- Work to be completed: Set down exactly the lines from the one containing "グローバルリサーチ調査レポートのイメージ" to the final line of the records below, with every picture omitted.

--- Data supplied Enclosed Below ---

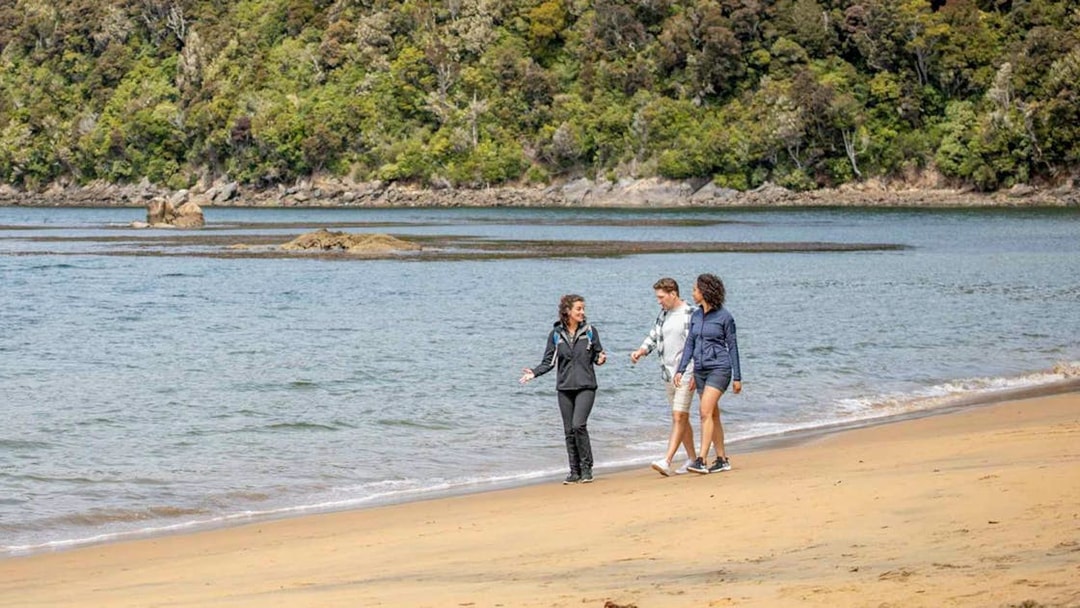 Visitors walking along the beach on Ulva Island with forested backdrop.
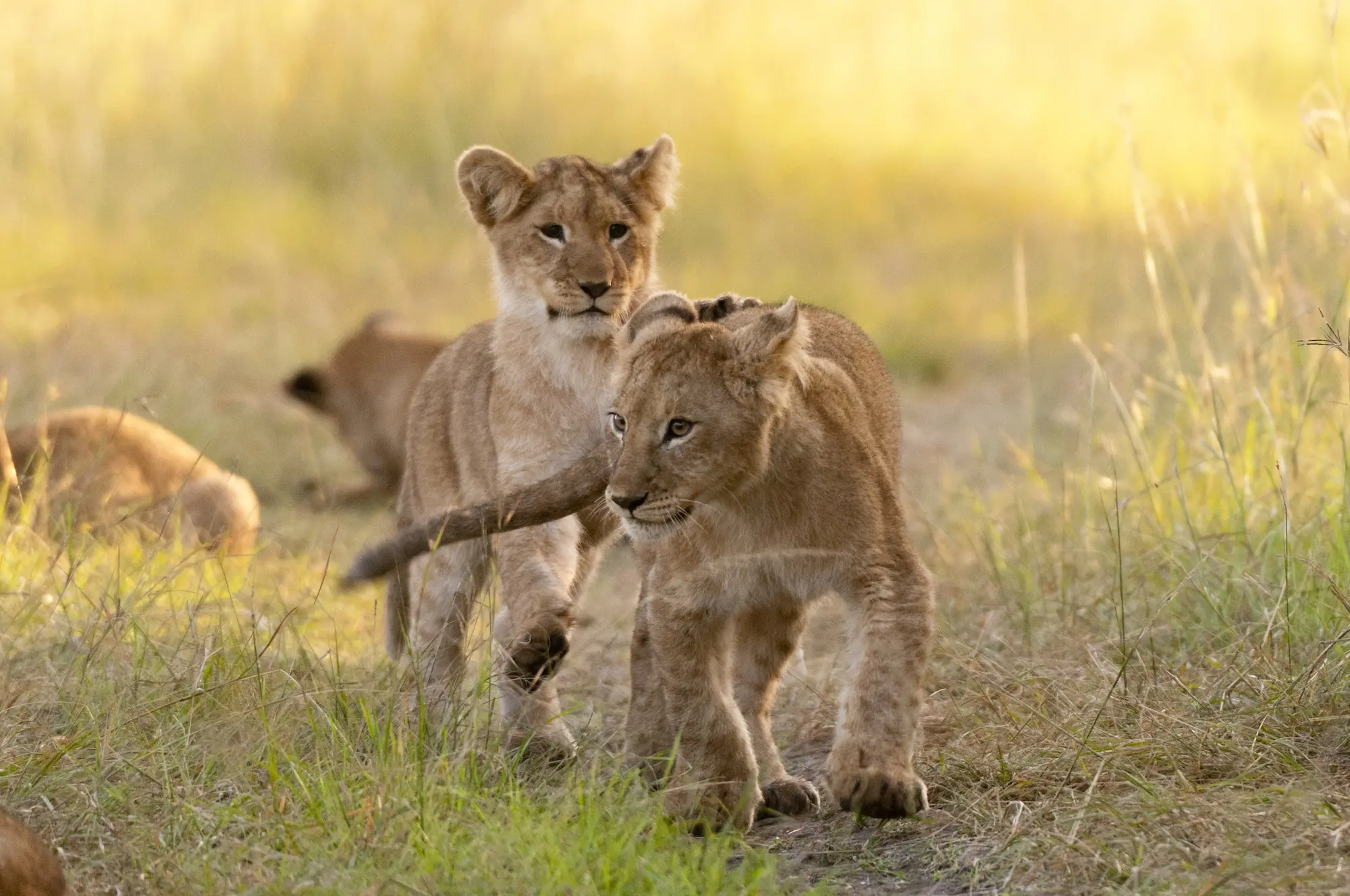 Tanzanie Nomads faune petits lions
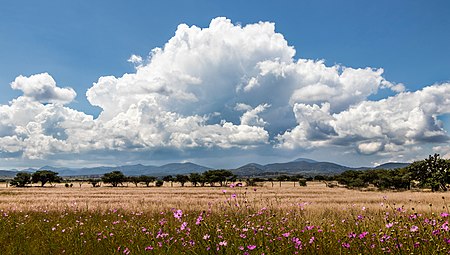 ไฟล์:Large cloud over Mexican landscape.jpg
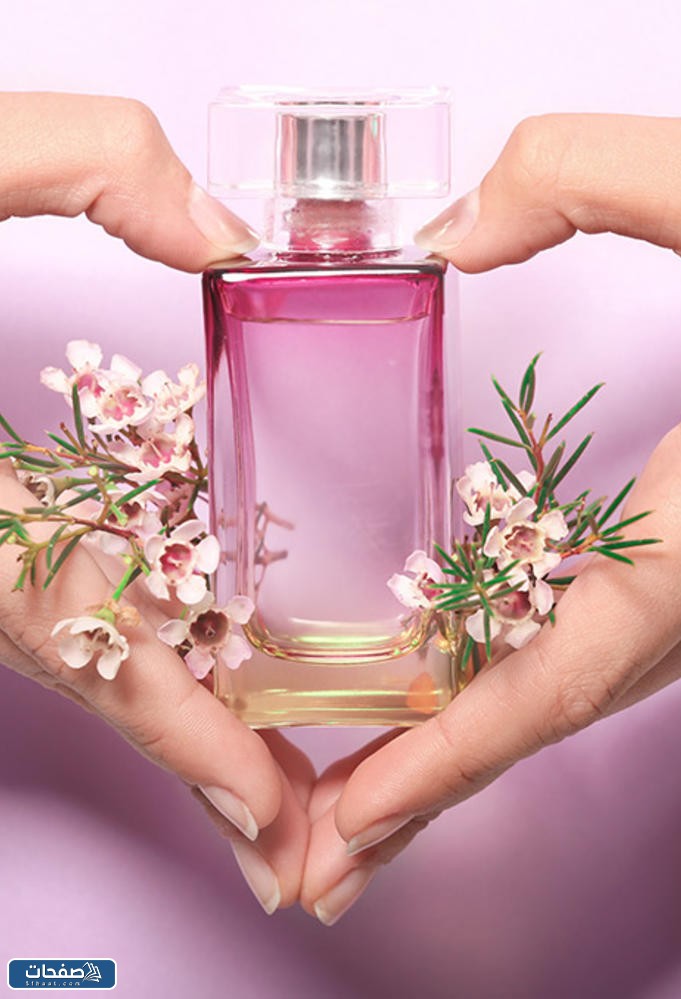 عطور الفيرمونات عطر الفرمونات من نعومي
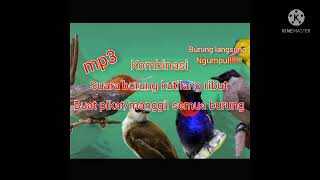 Anti ZONK!!!kombinasi suara pikat burung kolibri ribut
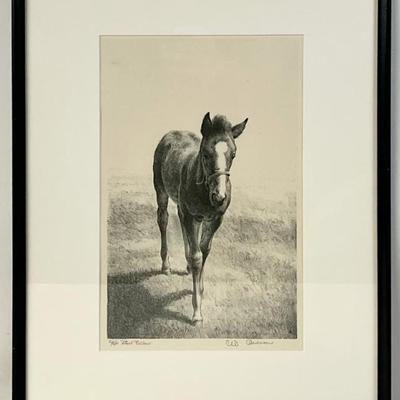 Sale Photo Thumbnail #323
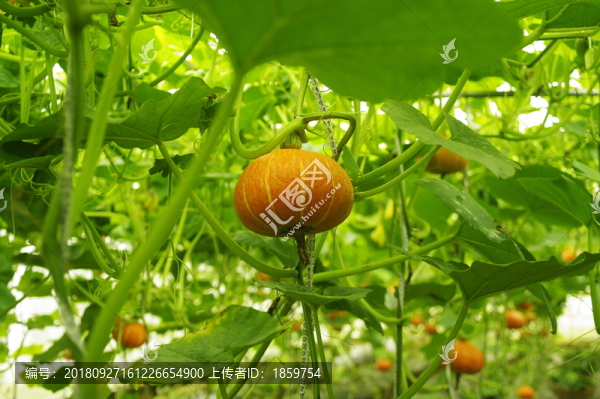 南瓜園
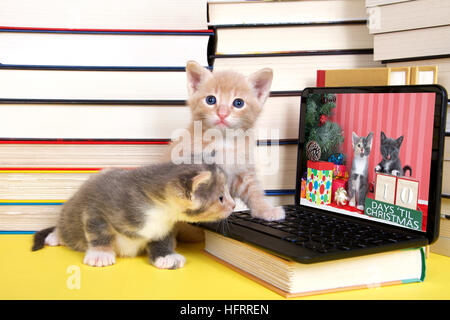 orange Tabby Kitten männlich Blick auf Mini-Laptop-Computer. Weibliche Calico sitzt neben ihm auf Bildschirm. Haufen Bücher neben und unter c Stockfoto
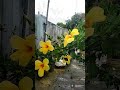 Beautiful yellow flowers in rain/beautiful yellow hybiscus/beautiful flowers whatsapp status#shorts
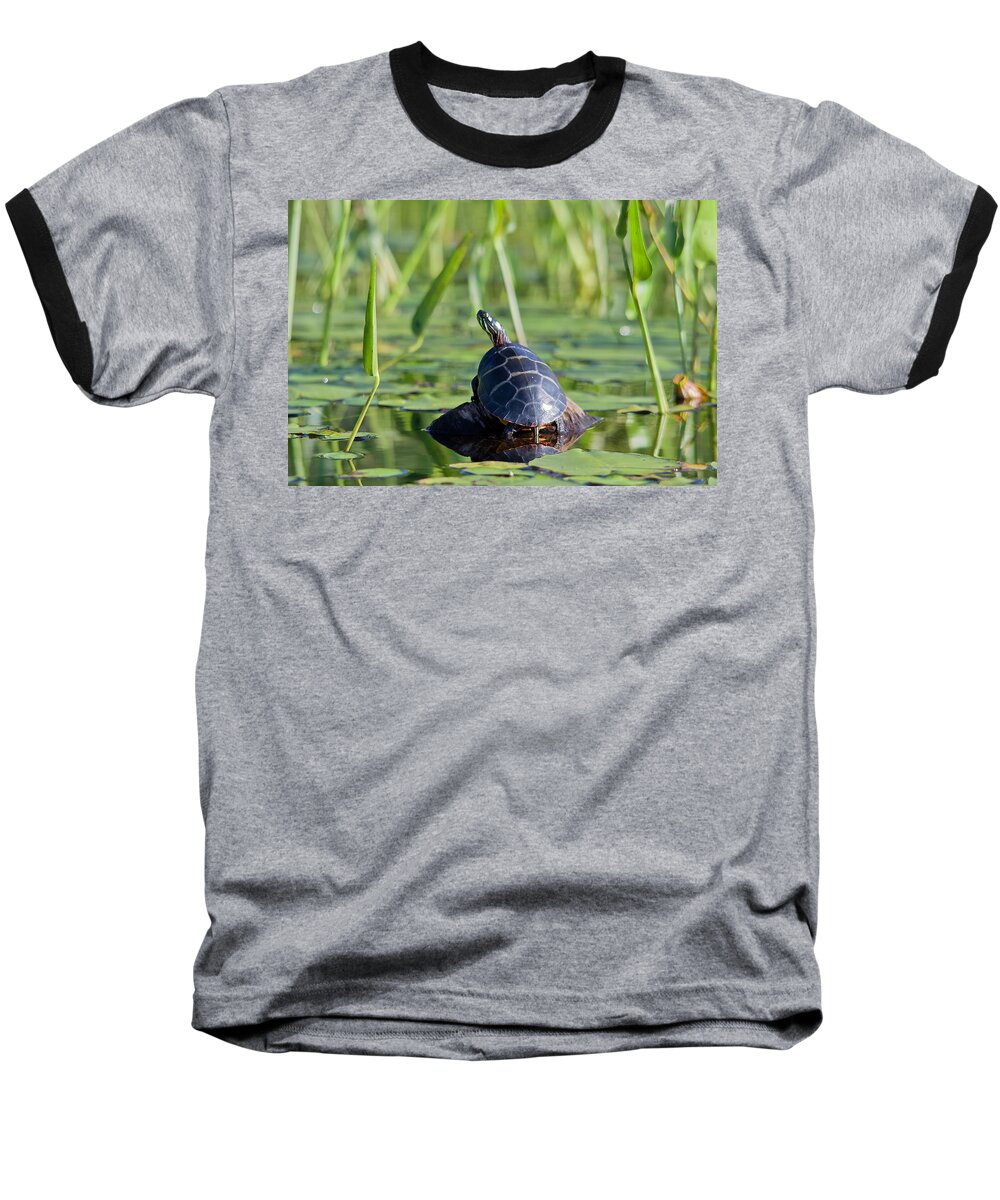 Turtle Baseball T-Shirt featuring the photograph Painted Turtle #1 by Benjamin Dahl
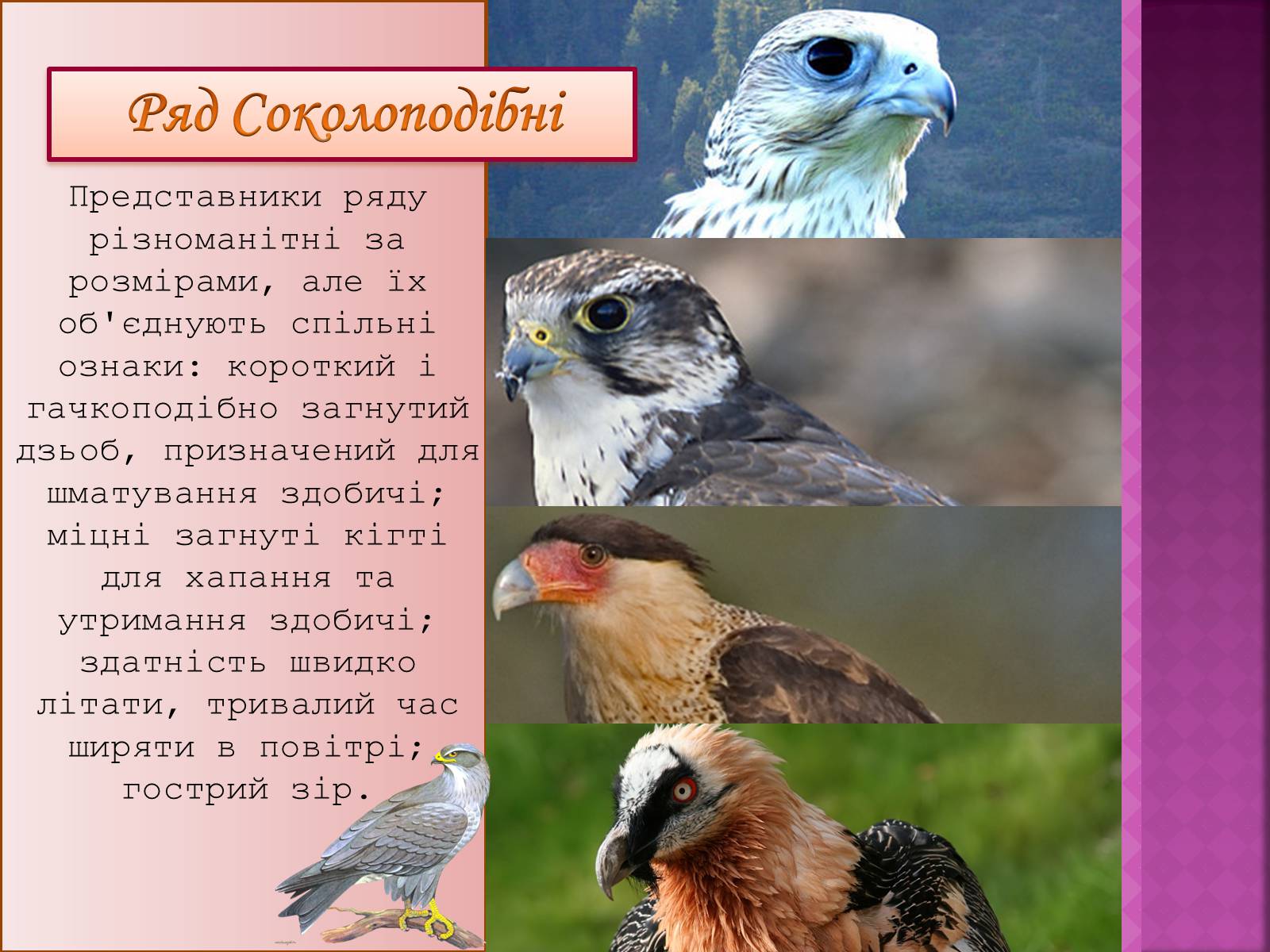Презентація на тему «Різноманітність птахів» (варіант 3) - Слайд #13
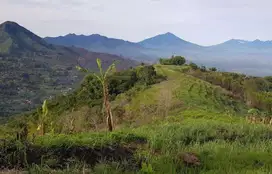 Tanah pertanian kopi, sorgum, kayu atau peternakan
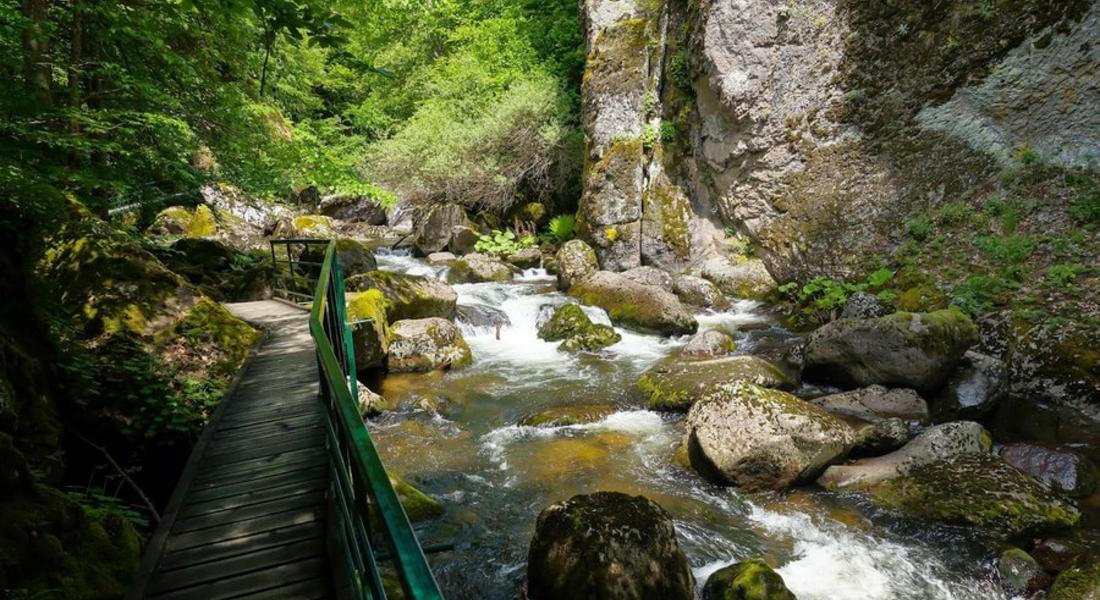Сигнал за умряла риба и пяна в река Девинска провериха регионалните  структури на МОСВ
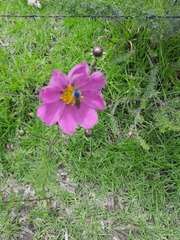 Paragapostemon coelestinus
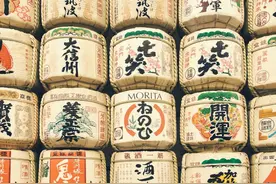 说出这个句式，你就是懂清酒的！（有心思但无大用知识系列）图片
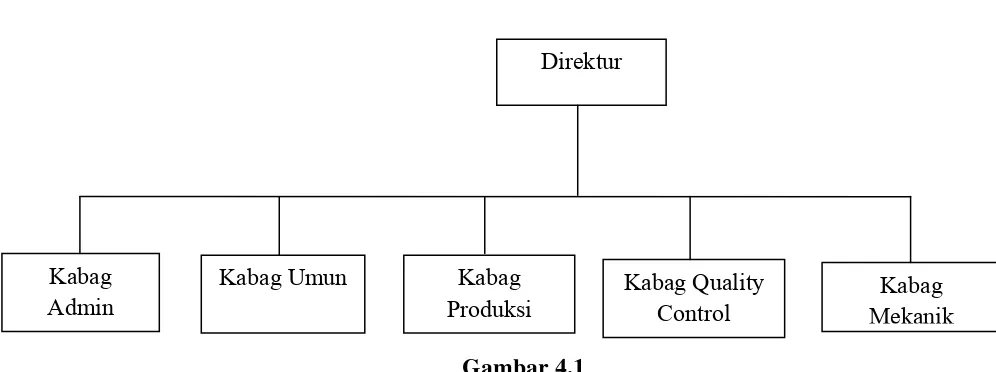 Gambar 4.1 Struktur Organisasi PT Sulawesi Agung Jaya 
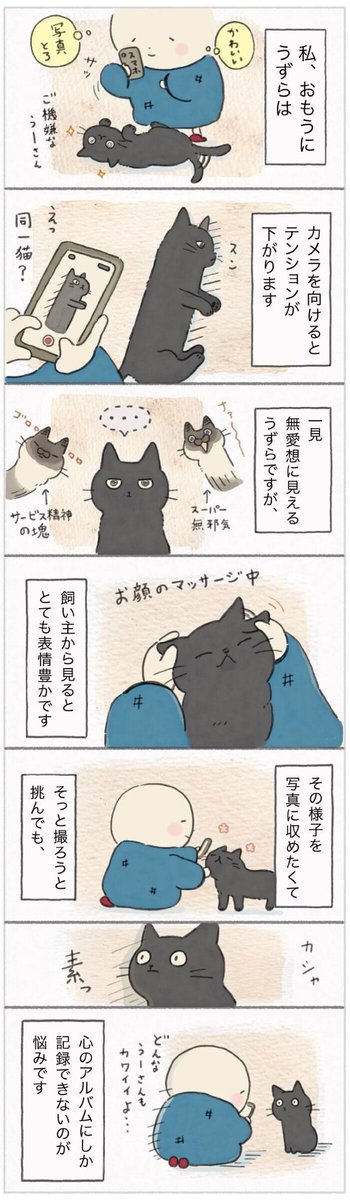 何かを察してスンッと素に戻る猫。 可愛い姿は心の中にしか残らない【連載】ねこ連れ草 202話め|ねこのきもちWEB MAGAZINE https://t.co/VX9YquDNEU 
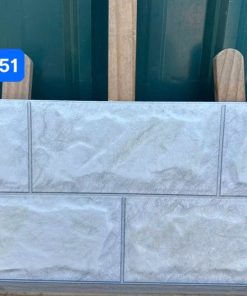 Gạch Ốp Lát 25x50cm Viglacera HA-2551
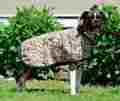 726-bflr-xxs Eous Patterned Fleece Dog Rug Brown Floral 844746025886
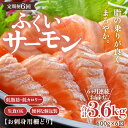 【ふるさと納税】《定期便6回》ふくいサーモン 柵どり 150g×4パック 計600g <鮮度抜群!真空冷凍> / 生食OK 刺身 鮭 国産
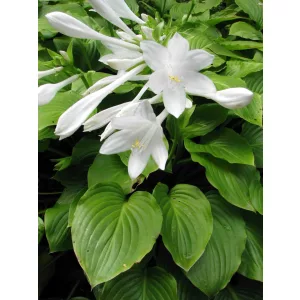 Hosta Aphrodite - Árnyékliliom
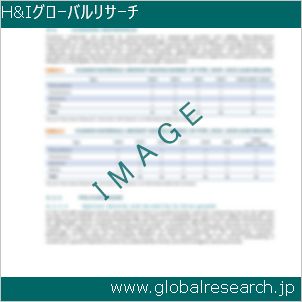 グローバルリサーチ調査レポートのイメージ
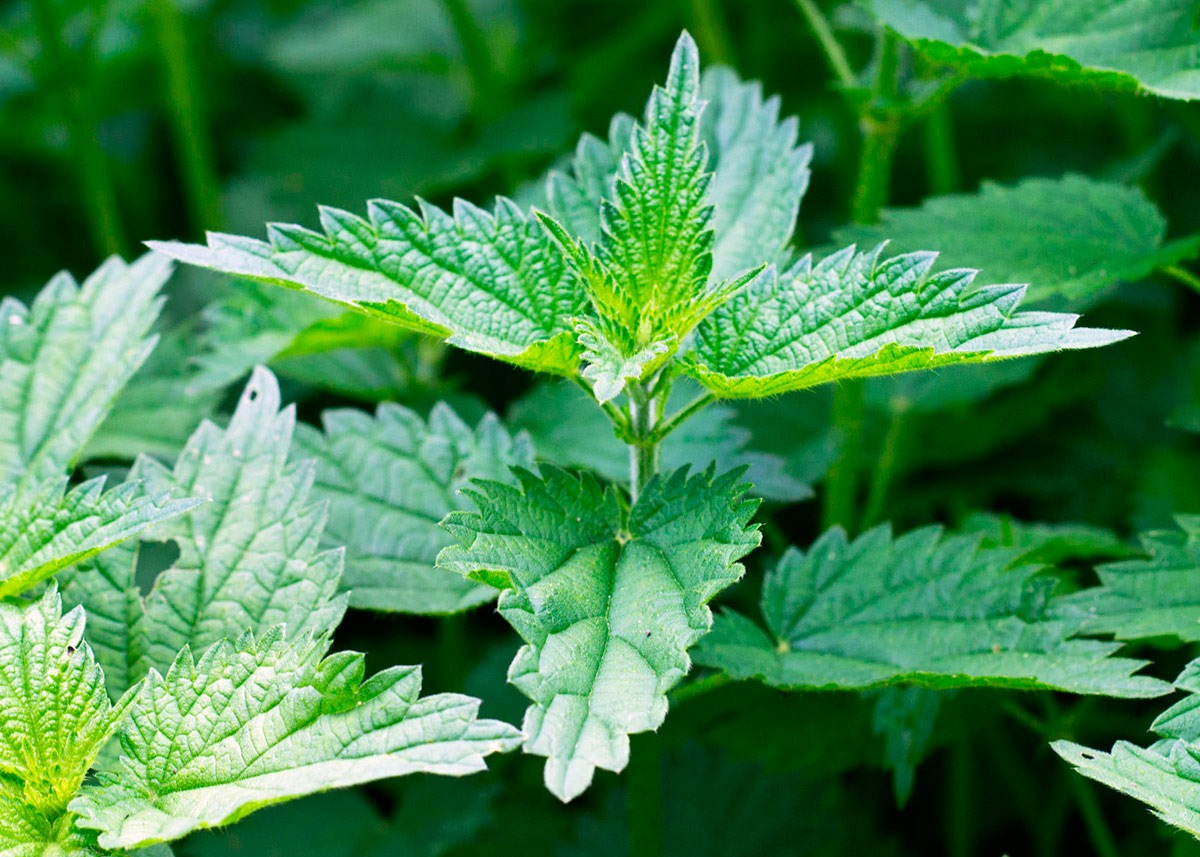 Крапива (фото из открытых источников)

--- End of Enclosed Data supplied ---

- Solution to the problem:
 グローバルリサーチ調査レポートのイメージ
 Крапива (фото из открытых источников)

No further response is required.